WWF’s Arctic Community Wildlife Grants support communities and help species

Dana Okitun, son of Marvin Okitun, looks ahead from bow of boat on Yukon River

Indigenous hunters from the Yukon-Kuskokwim Delta in Southwest Alaska have long known that beluga whales often migrate upstream in search of food. But finding them is a different story.

“When you go out, you don't see the whale. You just see the ripples. You train your eyes to see that,” says John Unok, hunter and Yup’ik culture teacher in Kotlik, Alaska. “When I bring people out to sea, they're like ‘there's nothing there.’ We look for a ripple, a different wave, and then we see a different ripple and we're like, ‘oh, look, there's a whale there.’ You've trained yourself to look for those things. We have to pass that down or you lose some of that connection with the earth.”

WWF recently worked with Kotlik and Emmonak community members in Alaska to capture underwater audio of beluga whales. Belugas are culturally important and a critical source of food for these communities. This community-initiated research exemplifies co-management in action, marrying Indigenous knowledge and science to achieve better results for people and nature.

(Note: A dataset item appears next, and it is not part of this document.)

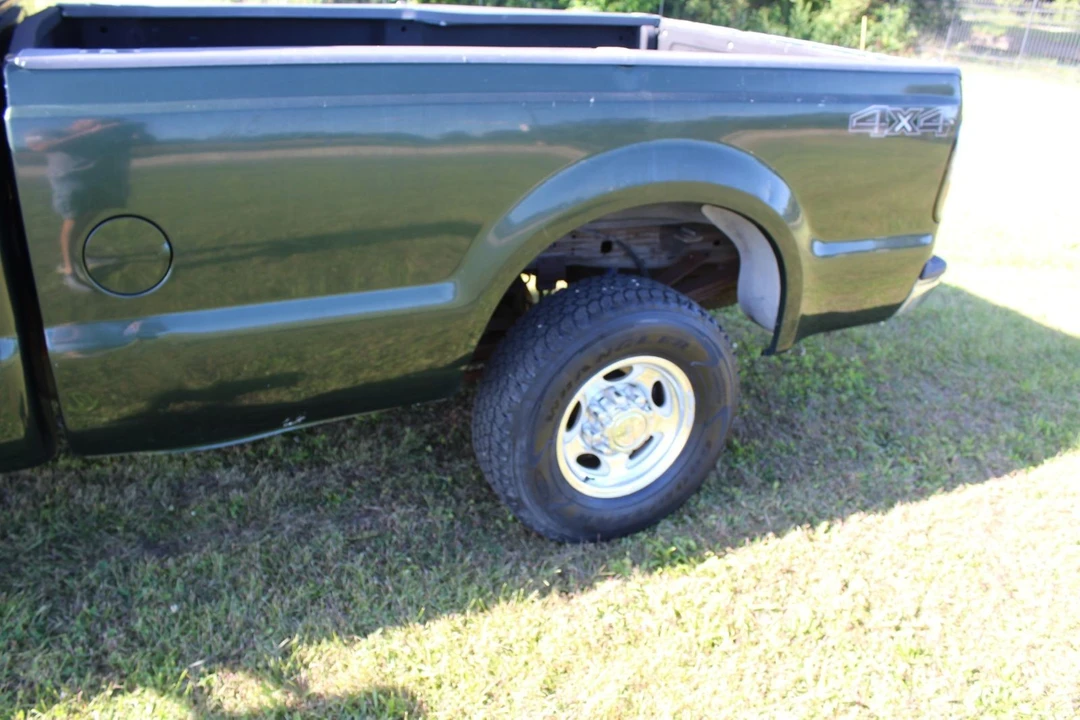 2000 Ford Super Duty 1st Gen - Image 10 of 12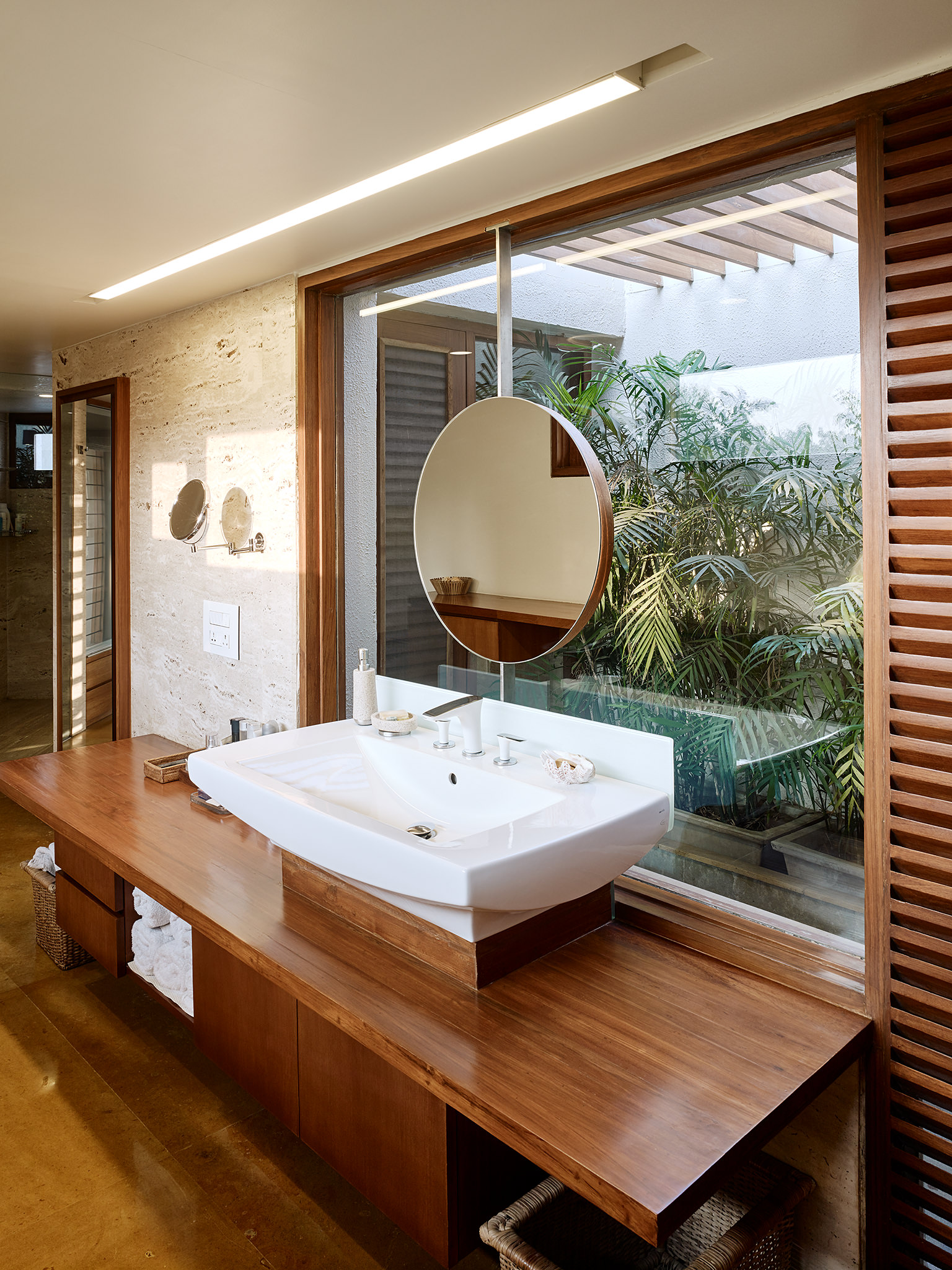 E17621 Alpa 060496 SCREEN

“It's a respect thing. People don't realize that when we're Indigenous, we respect everything that we see that feeds us. We're conservationists. We don't kill for pleasure, and we don't kill for sport. It's respect for everything. Respect of yourself, respect of others, and respect of animals and plants.”

John Unok
Yup’ik culture teacher and hunter

The idea of capturing audio was first presented in 2022 at a meeting of the Alaska Beluga Whale Committee—a co-management body comprised of Indigenous hunters, wildlife managers, and scientists that work together to ensure beluga populations remain healthy and that Alaska Native hunters are still able to harvest for subsistence for their families and communities.

At this meeting, scientists presented their work on population estimates for belugas in the Eastern Bering Sea. When they pulled up a map of the areas that were surveyed, a young Alaska Native hunter delegate, Duncan Okitkun, pointed out that the research areas were limited and did not extend into the river, where he knew firsthand that belugas would often gather. He was concerned that the surveys were missing animals in the Yukon Delta.

Because tracking the whales in rivers is often challenging, he offered a solution—using acoustic monitoring devices in the Yukon River to listen for belugas—and local logistical support to make it happen.

“One thing that we're always questioning is science and what scientists see and what we know growing up with our local Indigenous knowledge,” says Marvin Okitkun, father of Duncan Okitkun. “From the science perspective, they come and go all the time, but we're always here, and then they question how we know the population and the health of our species that we harvest for subsistence.”

With a grant from WWF, Alaska Beluga Whale Committee delegates from the villages of Kotlik and Emmonak partnered with Manuel Castellote, an acoustician affiliated with NOAA Fisheries and the University of Washington, to monitor the beluga whale populations.

The idea blossomed into a fully-fledged pilot project that offered results within a year. Belugas were detected in the summer and fall, with individuals moving through the delta system.

This co-production demonstrates the power of entwining Indigenous knowledge with Western scientific research and how communities and researchers can design projects that support shared interests.

Arctic Community Wildlife Grants program

Projects like the beluga monitoring in the Yukon River are the kind of community initiatives and projects that get conservation results. These projects support informed management of iconic Arctic marine species and the interconnected cultural heritage of Alaskan communities.

WWF is launching an Arctic Community Wildlife Grants program to ensure that projects like this can get the essential funding they need. The program supports conservation, stewardship, and research initiatives that focus on coastal Arctic ecology, community sustainability, and priority Arctic wildlife, including polar bears, walrus, ice seals, belugas, bowhead whales, and Arctic seabirds in the Bering, Chukchi, and Beaufort Seas and adjacent coastal areas. These grants support Indigenous communities, local wildlife management bodies, and scientific researchers to conduct projects focused on cultural resilience, ensuring food security, and monitoring threats to resources people care about, all to support healthy Arctic marine ecosystems for people and nature.

WWF’s Arctic program works to protect the diversity of Arctic life and ensure that healthy Arctic ecosystems support the cultural, social, and economic needs of the people living there. The Arctic Community Wildlife Grants program furthers this mission and, in the process, protects Alaska’s iconic wildlife, from polar bears and walrus to bowhead whales and Arctic seabirds. The beluga research is one of several projects already supported by the grants. We welcome your proposal! 

“Don't just listen to one side of the story. Listen to our side of the story," says Marvin. "People that live here, people that harvest what we harvest.”